Ferric carboxymaltose fends off anaemia in kids with CKD

Intravenous administration of ferric carboxymaltose (FCM) helps improve haemoglobin and iron levels in children suffering from chronic kidney disease (CKD), according to a recent study.

Seventy-nine paediatric CKD patients (median age 9 years, 40.5 percent girls) participated in the study, in whom laboratory parameters were evaluated 15–45 days after FCM infusion. Fifty-eight participants had available haemoglobin data, of whom 70.7 percent (n=41) were deemed to have anaemia at baseline. [Front Pediatr 2022;doi:10.3389/fped.2022.967233]

The remaining patients had adequate haemoglobin concentrations, but their serum iron deposits were low, with transferrin saturation (TS) value ≤20 percent and/or ferritin ≤100 ng/mL.

Most patients demonstrated positive responses to FCM infusion.

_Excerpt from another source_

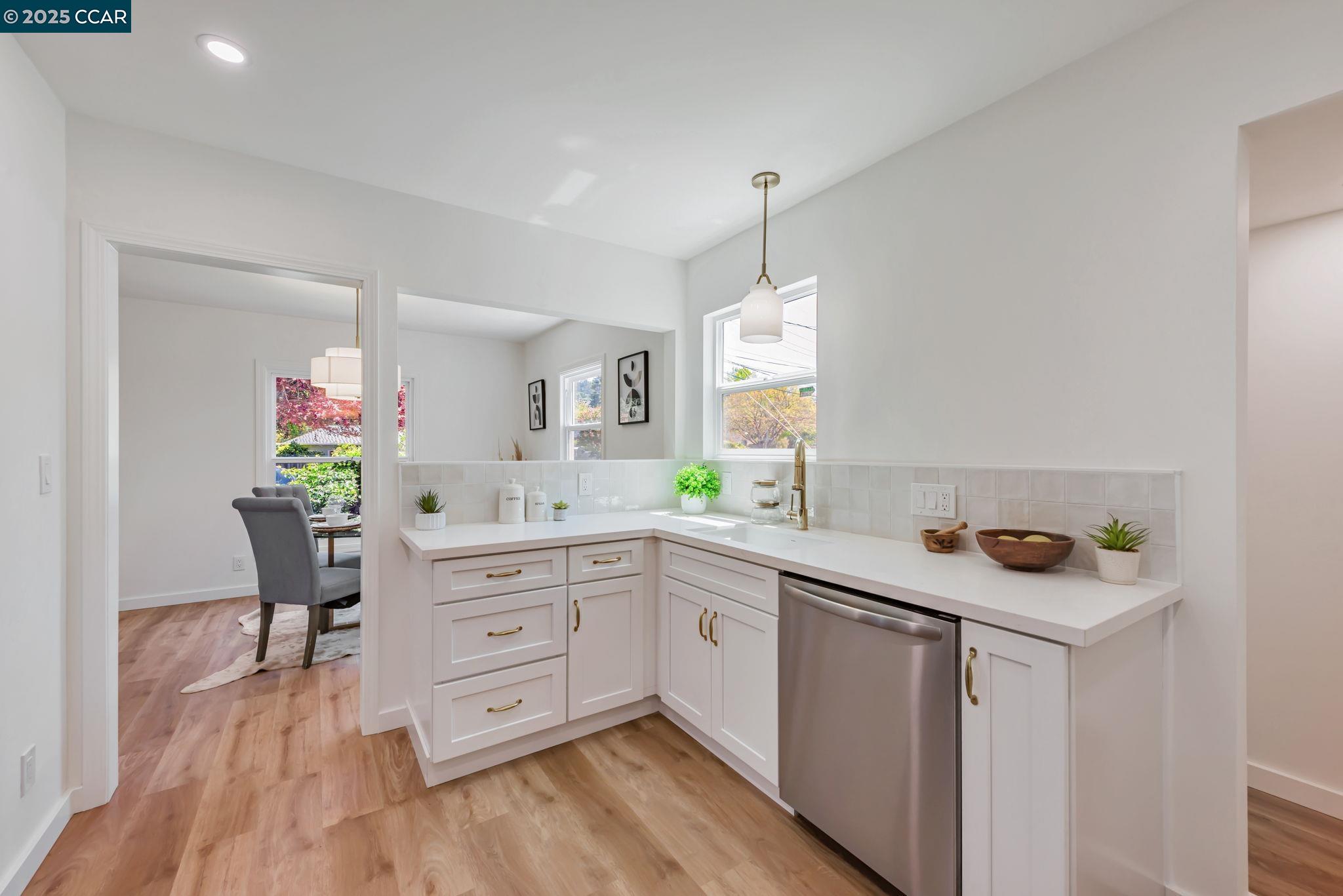 Detail Gallery Image 12 of 47 For 3056 Roxbury Ave, Oakland,  CA 94605 - 3 Beds | 1/1 Baths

Median haemoglobin increased from 10.4 g/dL at baseline to 11.8 g/dL after infusion. Though the median improvement was only 1.4 g/dL, this could be due to the short follow-up duration of 1 month.

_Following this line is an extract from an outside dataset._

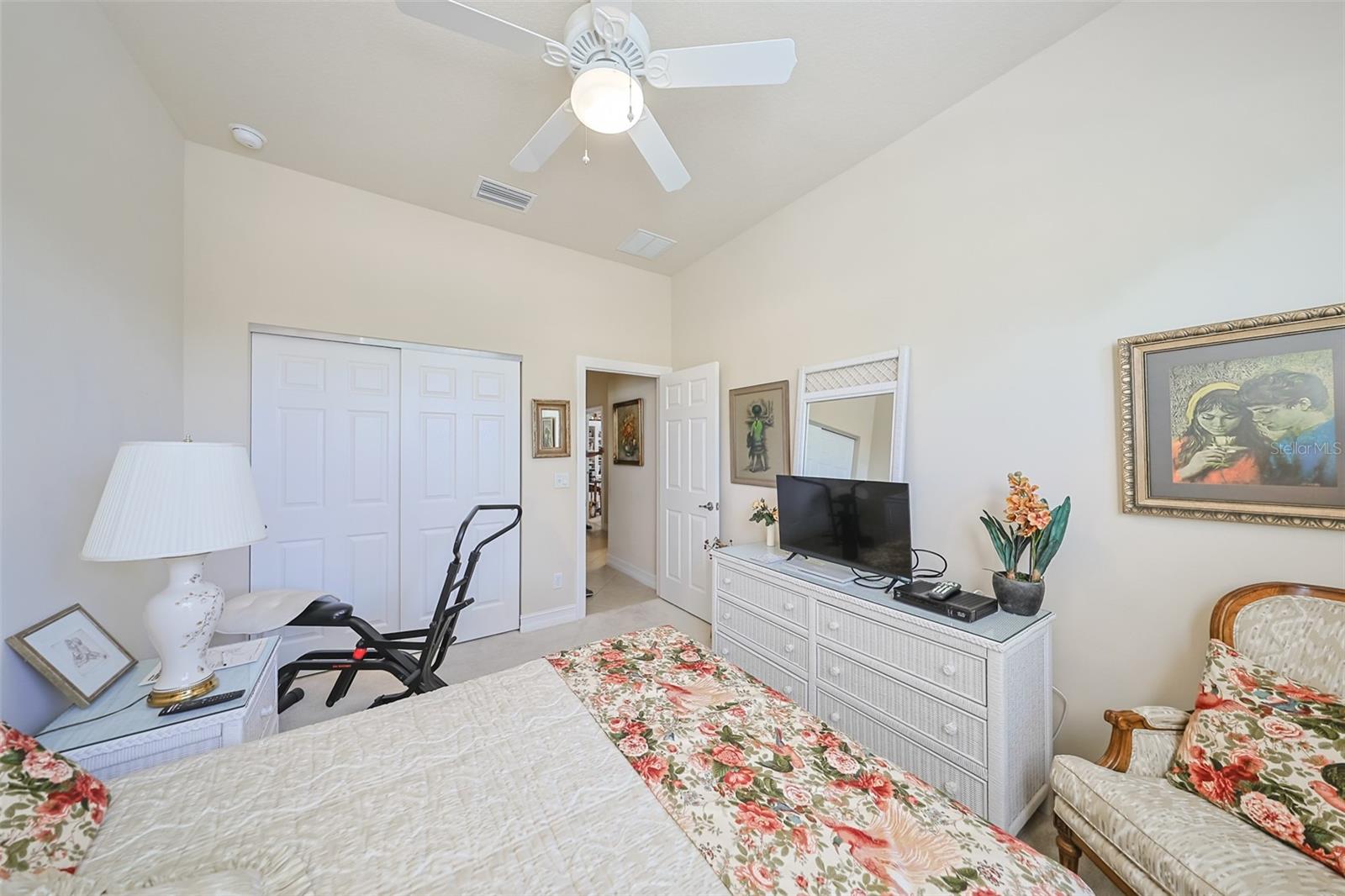 15948 Cobble Mill Dr Property Photo 14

“We cannot exclude that a longer examination time of the study could have demonstrated a better response,” the researchers said.

Similar improvements were seen when participants were categorized into those who were (10.4 to 11.4 g/dL) and were not (11.4 to 12.6 g/dL) taking erythropoiesis-stimulating factors.

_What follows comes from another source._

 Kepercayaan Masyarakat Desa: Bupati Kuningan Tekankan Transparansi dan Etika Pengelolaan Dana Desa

Aside from haemoglobin, FCM infusion led to a large increase in ferritin levels, jumping from a median of 32.0 ng/mL at baseline to 285 ng/mL at the 30-day follow-up. TS likewise saw great improvements, increasing from 11 percent to 31 percent 1 month after infusion. The same was true for serum iron levels (28 to 66 µg/dL).

FCM infusion was also well-tolerated. No serious hypersensitivity reactions were detected, and no anaphylactic effects emerged. Median serum phosphate was 4.9 mg/dL at baseline, which dropped by a median of 0.5 mg/dL post-transfusion in 22 patients. Blood phosphate remained in normal range.

One adverse event was reported, arising in a 16-year-old patient. Extravasation occurred at the end of infusion and was treated with Burow’s solution combined with local cold application and limb elevation. The affected site at the anterior forearm showed painless discoloration, which improved partially.

A more stable complex

“Although oral iron is considered the treatment of choice in paediatric patients due to its noninvasiveness and lower cost, it is often poorly tolerated,” the researchers said.

Common side effects include nausea, constipation, and abdominal pain, all of which negatively impact the adherence to oral iron medication. Children on haemodialysis are also ineligible for this treatment.

Moreover, oral iron is often poorly absorbed by patients and can sometime take weeks to have demonstrable impacts on haemoglobin levels. [Kidney Int 2012;Supp 2:279-335]

“Because the FCM is a stable complex, this allows a maximum cumulative weekly dose of 1,000 mg of iron to be administered, and fewer infusions are needed to administer the total iron dosage needed for each patient, compared with other formulations such as iron sucrose,” the researchers said, adding that the intravenous route of administration also helps avoid gastrointestinal side effects.

While the present analysis suggests that FCM is a promising alternative to oral iron therapy in children with CKD, it is limited by its observational and retrospective nature. Future studies are needed to verify these findings.